In a report that will shock anyone that doesn't go to the movies, an advocacy group claims that movie theater popcorn is not a very good nutritional snack. In a press release, the Center for Science in the Public Interest says they commissioned laboratory analyses indicating a medium-size popcorn and medium-size soda purchased at a Regal theater, the country's largest movie theater chain, contains the nutritional equivalent of three McDonald's Quarter Pounders with 12 pats of butter. "Sitting through a two-hour movie isn't exactly like climbing Mt. Everest," a senior nutritionist for the Center said. "Why do theaters think they need to feed us like it is?"
Ah, but that comment betrays an ignorance of the current cinema. When I caught 2012 on opening day, for example, I watched it with a tub of popcorn by my side, as our reviewer Peter Hall suggested ($7.50 for a large popcorn at AMC). It gave me something to do during the non-disaster scenes. On a more serious note, the Center points out the high amount of saturated fat results from movie theater chains Regal and AMC using coconut oil to pop their popcorn. The Cinemark chain uses canola oil, which results in much less "artery-clogging" saturated fat.

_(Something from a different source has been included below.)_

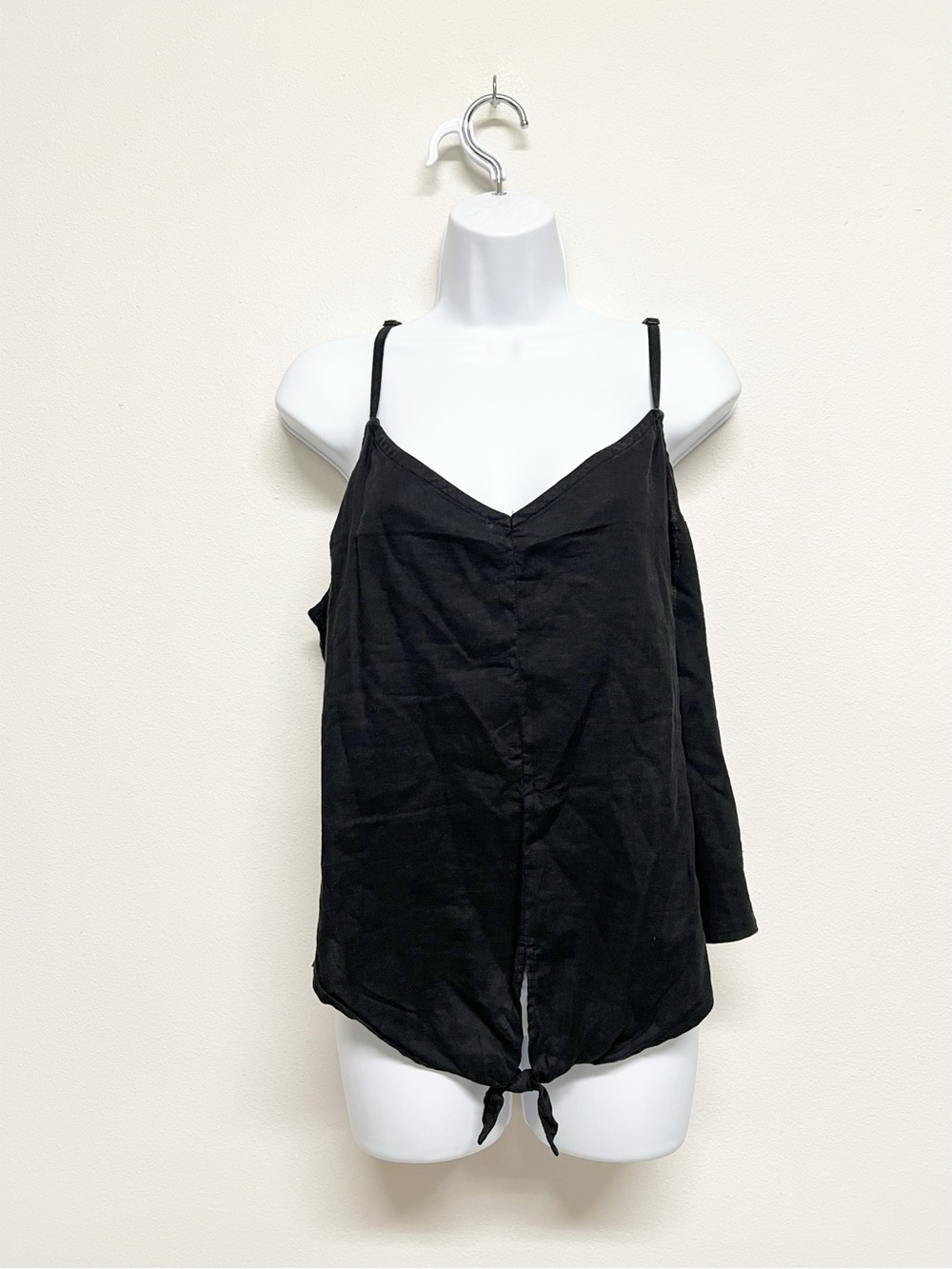 The North Face Womens Classic Black Tie Front Spaghetti Strap Linen Tank Top XL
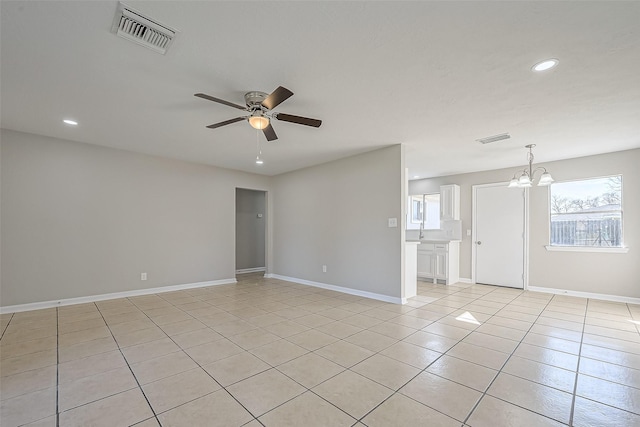 8719 Valley Meadow Dr, Houston, TX 77078 - unfurnished room with ceiling fan with notable chandelier, visible vents, and recessed lighting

For their part, the chains aren't talking, reports The Los Angeles Times, though Regal falls back on the MPAA's statistic that says the average American only attends six movies a year and thus: "Theater popcorn and movie snacks are viewed as a treat and not intended to be part of a regular diet." I know our readers watch up to six movies in a single weekend, so I ask you: Do you skip popcorn entirely? Do you buy anything from movie concession stands? If theaters offered healthier fare, would you buy it?